If you have been using Ruby on Rails or at least investigating it you should have come across FastCGI at one time or another. Many Ruby developers that I have talked to swear by this method of serving Ruby since it seems to be extremely fast and less resource-dependent. CodeHaus has a good writeup describing the differences between Java’s method of threading in contrast to FastCGI’s method of processes. This tidbit is what interests me:

In contrast, a FastCGI implementation will on startup pre-fork off a number of CGI processes. Each process will listen to standard input (or any other IPC solution such as named pipes, domain sockets or even network sockets in case of a cluster). As a request comes in an available process is chosen and the content of the request is sent as name-value pairs to the process. The FastCGI implementation captures the output and sends it back to the client. The process is then returned back to the pool of available processes.
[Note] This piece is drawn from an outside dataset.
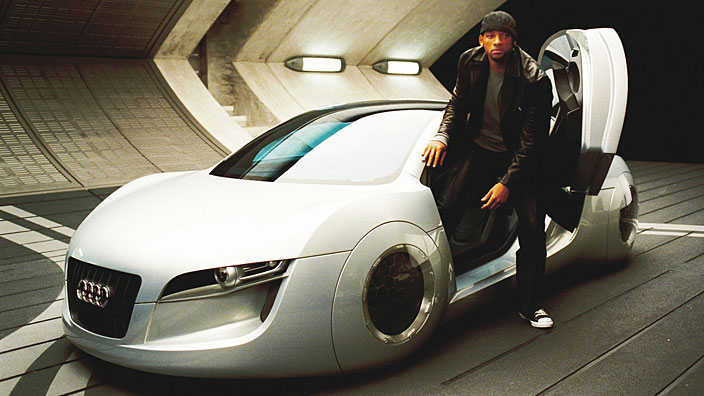 Audi RSQ Concept Yo Robot Will Smith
Of course that made me wonder what would happen in a server farm environment and I saw that this problem was raised in the comments.

…if you for example create one hundred FastCGI processes per server in a 20 blade cluster then each separate process needs to allocate one database connection. This would amount to 2000 database connections which occupies a lot of memory (both in the database server and on the client) and bluntly put just doesn’t scale.

It’s also interesting to note how many Java programmers are always in the defensive about their language. I figured by now that all developers would understand that programming languages are just tools to use so defending one over the other as if it is a life or death situation makes no sense to me. Most likely they are looking out for their jobs.